William McKinley, the 25th president, won a landslide electoral victory in 1896 and was elected to a second term in 1900.
McKinley was known to favor tariffs, and raised the highest tariffs in history following the Depression of 1893. But he is best known for involving the US in the Spanish-American war, which
resulted in American possession of Puerto Rico, the Phillipines, and
Guam, as well as Cuban independence from Spain and the establishment of
Guantanamo Bay.
Though his primary goal as President was economic prosperity, foreign affairs and imperialism became a better landmark of his term. Though he spoke in favor of civil rights and against lynchings, his policies turned out against sectionalism (preferring one's own region above the whole country) rather than against racial discrimination, causing him to lose some of the black vote by the 1900 election.
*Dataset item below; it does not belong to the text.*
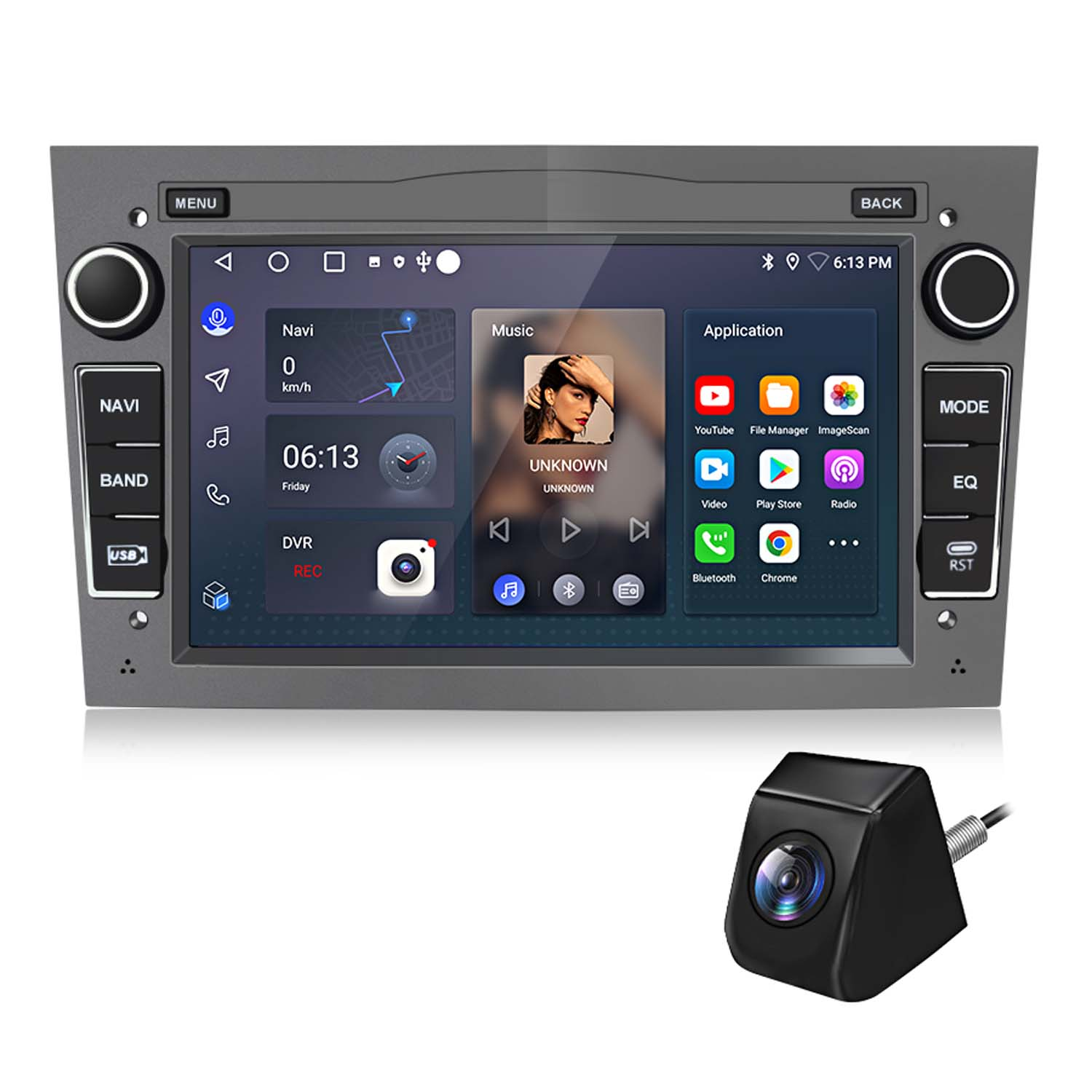 Ein Autoradio mit Bildschirm, auf dem Apps und die Uhrzeit angezeigt werden. Darunter eine Rückfahrkamera. Navigation und Musik.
Another interesting and eventually historically significant detail of his presidency was his second vice president (his previous running mate, Garret Hobart, having died in 1899)- Theodore Roosevelt. T. Roosevelt was well-known in New York for breaking up trusts and monopolies while mayor- this made him unpopular with some of the Republicans who owned said corporations. Therefore, they urged McKinley to adopt TR as his Vice President, convinced it would limit TR's power.
That backfired spectacularly when William McKinley was assassinated in 1901 and his Vice President Teddy Roosevelt ascended to the presidency. He is generally in the middle of presidential rankings, though his face adorns the rarely seen $500 bill.